Rettangoli di memoria – Il libro

LA FOTO COME DOCUMENTO

L’uso che qui si fa della fotografia, va al di al della semplice raccolta di immagini del mondo contadino meridionale, cercando di sperimentare un metodo di analisi che si orienta decisamente in direzione della documentazione attraverso la rappresentazione fotografica più che verso il semplice godimento estetico dell’immagine stessa.

Uno degli obbiettivi potrebbe essere quindi quello di socializzare questo tipo di fonti e i possibili linguaggi da utilizzare per decodificarle. L’immagine come documento di un contesto storico, economico, sociale e culturale non deve essere necessariamente bella secondo i diversi canoni estetici o professionali: una fotografia dell’inizio del secolo, che in un solo spezzone del totale, lasciasse intravedere un contesto del nostro paese, non più ricavabile da nessuna documentazione possibile, avrebbe un’importanza, per il ricercatore, e non solo per lui, che trascende tutte le considerazioni possibili sull’oggetto fotografia.

Ogni fotografia di questo libro, al di la dei personaggi presenti, vuole avere la funzione di documentare alcuni aspetti, molto spesso considerati dalla storiografia ufficiale come marginali, ma di importanza fondamentale sotto il profilo più squisitamente etnografico e sociale.
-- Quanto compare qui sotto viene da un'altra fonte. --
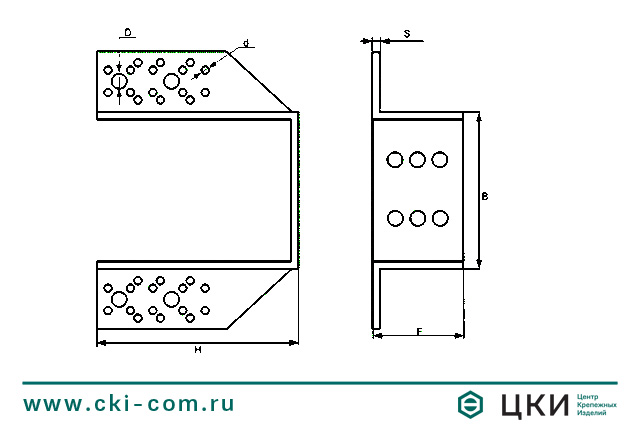 Опора бруса (открытая)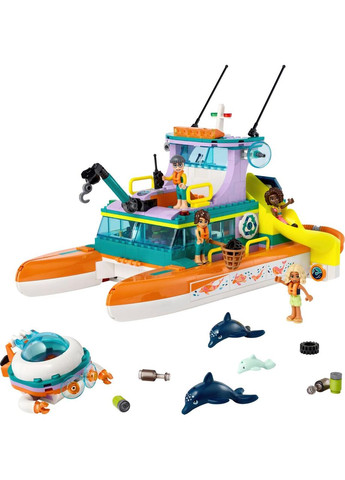 Конструктор Лего Френдс Човен морська рятувальна бригада Friends 41734 Lego (372125366)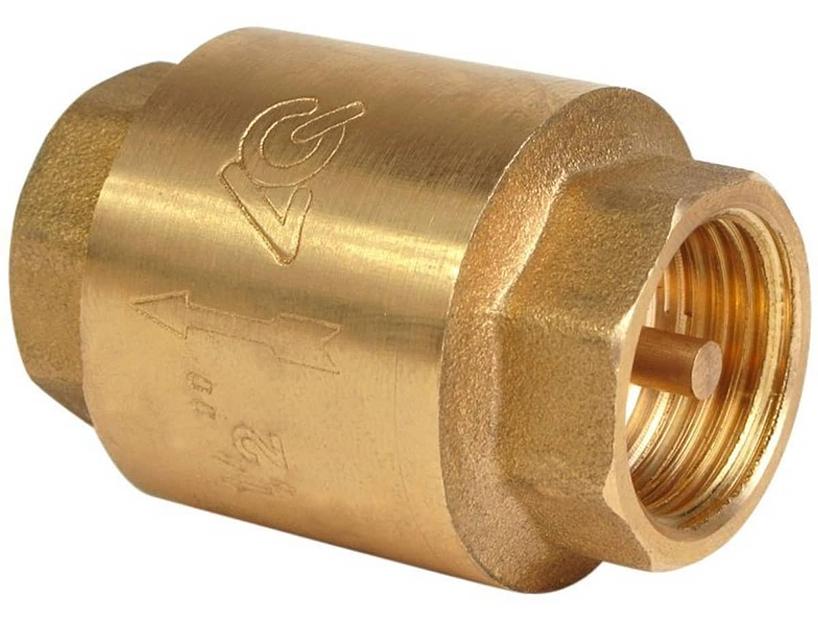 Клапан обратный латунный пружинный Ду40 фото 1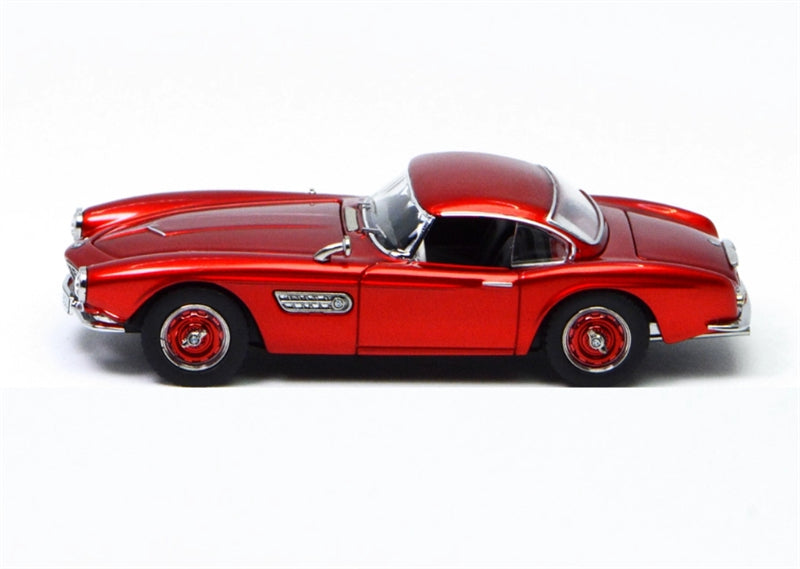 GFCC BMW 507 Roadster Retro Car 1957 Metallic Red Convertible hardtop 1:64 car Pre-built Model view2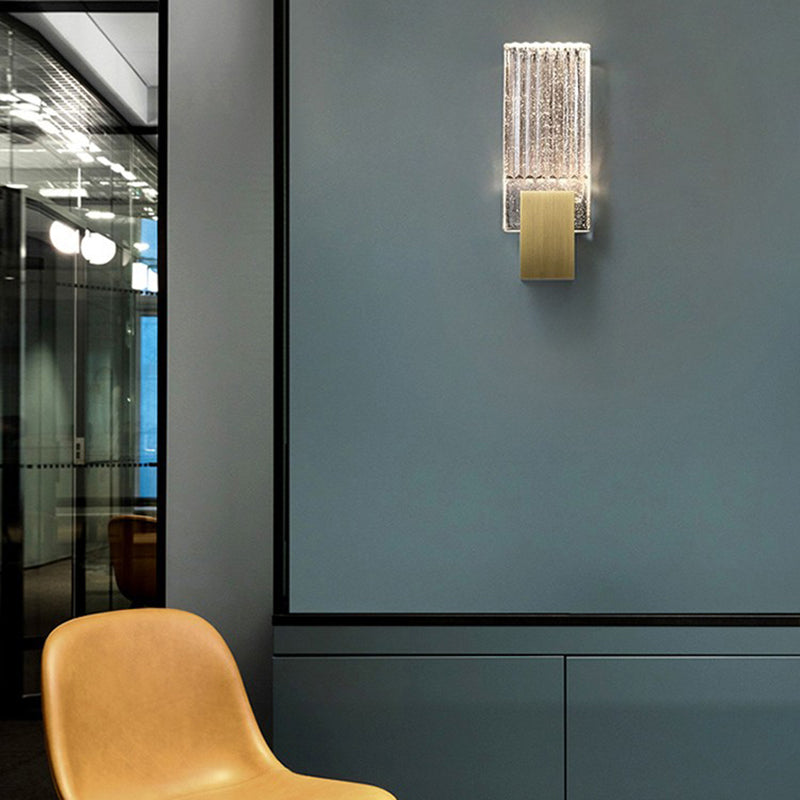 Lámpara de montaje de pared de luz de pared cuadrado contemporáneo para dormitorio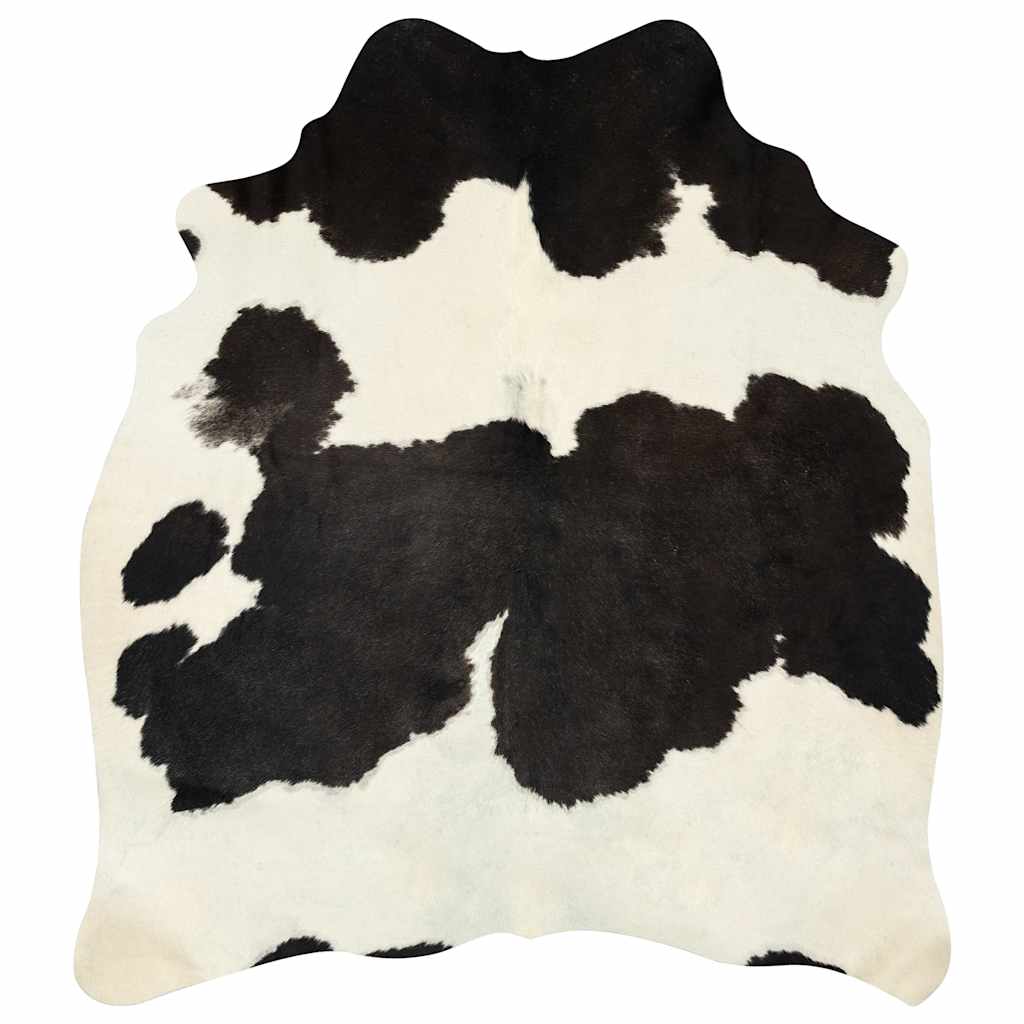 vidaXL Covor din piele de vită, negru și alb, 150x170 cm vidaXL Covor din piele de vită, negru și alb, 150x170 cm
Si è voluto restituire alla collettività la propria memoria visiva facendo assumere all’immagine la funzione di documento e fornendo ai suoi supporti il valore di bene culturale da salvaguardare e da fruire pubblicamente.

E’ una possibilità questa di cui solo le generazioni di questo secolo hanno potuto disporre e della cui importanza non sempre riusciamo a renderci consapevoli. Solo se riflettiamo per un attimo sul fatto che nessuna traccia è rimasta nelle immagini, degli altri, dei poveri, di quelli che nascevano e morivano contadini, di come si comportavano, di come vivevano, di come erano, allora ne cominceremo ad afferrare il senso vero: il poter lasciare agli altri un racconto non più mediato da debolezze o enfasi umane, ma da un oggetto, interpretabile quanto si vuole, ma sicuramente non frutto di sola immaginazione.

E allora accanto alla macchina fotografica emerge come strumento straordinario di indagine, l’album fotografico, più o meno ordinato, ormai presente nelle nostre case, o meglio ancora, i vecchi cassetti dove le nostre nonne tenevano le rare foto dei propri parenti: un blocco appunti in cui ognuno di noi invece di esprimersi per parole si esprime per immagini e attraverso queste, racconta i momenti più o meno importanti della propria esistenza. Socializzare tutto questo significa assegnare alla fotografia un ruolo che travalica la volontà stessa dell’autore, per assumere la funzione di testimone, nel tempo, di una condizione, banale o particolare che sia.

Queste in linee generali gli intendimenti del volume che proprio per le considerazioni iniziali non vogliono essere esaustive dell’argomento anche perché non basterebbero interi tomi espressamente ad esso dedicati e del resto già più autorevolmente pubblicati.